Does the beginning hook you in? How's the flow, given the short length? Any other general comments would be great.

I'm going to try to answer everything here and hopefully add in a little bit more.

Let's get started!

Light, spilling in through our window like warm milk that comforts children at night. It weighs down my eyelids and seeps into my skin, filling me up like a sunburst. The feeling makes me want to explode, a bouquet of flowers erupting forth into life and love right next to him.

Does the beginning hook me in? Yes. I love the description right here. How itís kind of very abstract and I love the emotion. When I get to sunburst and 'explode' a smile appeared on my face. I could feel the love and that's all I ever want to feel when I read Hannah/Neville. The imagery...the light, the warm milk, the sunburst, the flowers. Everything just fits together and flows wonderfuly. Every just exudes love and comfort. I feel so warm and fuzzy inside.

He is unexpectedly normal, and his grandmother always says that I will make the prettiest bride.

^ Okay. So I appreciate the fact that you mentioned his grandmother because a lot of people forget about poor Augusta. She was a big part of his life, she raised him and people seem to throw her away like nothing. I thank you for that.

He drank the substandard coffee at the Leaky Cauldron for a year before asking me out on a proper date, and then, six months after that, he moved into my tiny flat. He is still stealing my heart day by day with his stories about the Hogwarts Founders, which he reads in Hogwarts: A History on his breaks from teaching, and the ever-blooming flowers in our home.

I'm back tracking a little here because I just wanted to comment on the backstory you give them. It's very simple and fits well with the entire one-shot. I like that it's not dramatic and not over done. I read and write a lot of arm waving and declaration of love shouting that when I read this everything just slides together smoothly. I think the little things in this story is what makes it the best. How they're just in bed. The mention of the flowers, the past and a future. It's all very simple and normal and that's who your characters are.
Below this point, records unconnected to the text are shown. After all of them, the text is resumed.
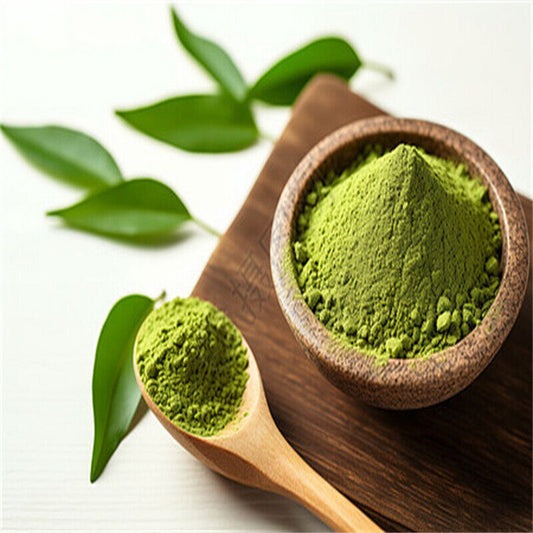 150g Japanese Matcha Green Tea Powder 100% Natural Premium Slimming Reduce Fat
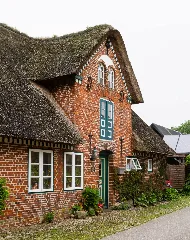 Kulturdenkmaeler Oldsum Klintum 161 002 2016 05 25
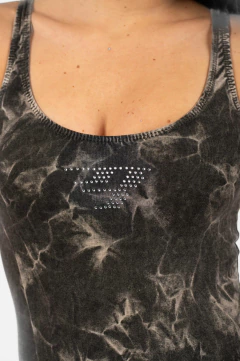 BODY BLADE - comprar online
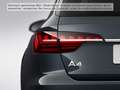 Audi A4 allroad A4 allroad 40 TDI quattro S-tronic Rückfahrkam/M Grau - thumbnail 7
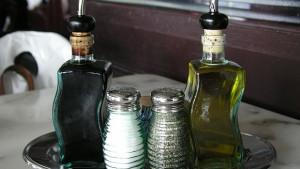 Регламентираха кои продукти ще са с етикет Оцет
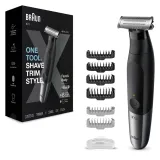 braun-series-x-all-in-one-barttrimmer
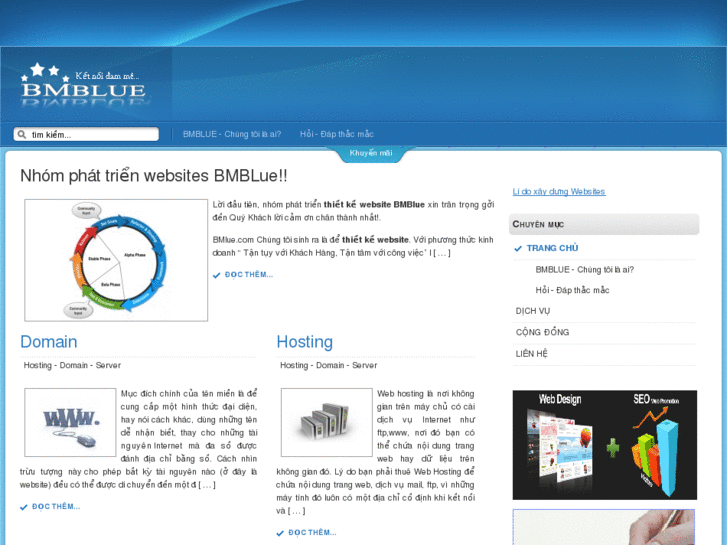 www.bmblue.com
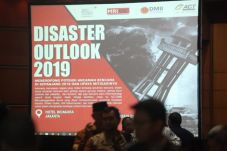 Kumpulkan Pakar, DMII...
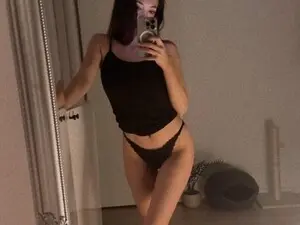 Myfreecams Sex Cam of Anabellexox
I'm the worse reviewer. I swear. I never give you any critiques. You're just so comfortable in your writing style and it shows. How can I critique that?

Thanks so much for requesting! If you have any questions/concerns feel free to PM me.

- Deeds/Alyssa

Author's Response: Hi Deeds! Sorry this response took ages!

Okay, confession time - I was pretty much dying to request a review from you as soon as I put this in the queue. I'm so glad you liked it!! :)

I'm happy that the warm metaphors and imagery worked for you - I meant for it to read just like I put it in there, like a flood of happiness and fluff. I wanted to capture that half-awake feeling I have when I get up, swaddled in covers and remnants of sleep.

Augusta should definitely not be thrown away. I imagine that she and Hannah would have quite an interesting relationship, really.

I wanted things to read as being under-dramaticized (is that a word?) and subtle and simple, and it seems like that's exactly what came across, so that's just lovely.

Hey, I love getting reviews with no critiques :) Seriously, though, you're super sweet. Thanks!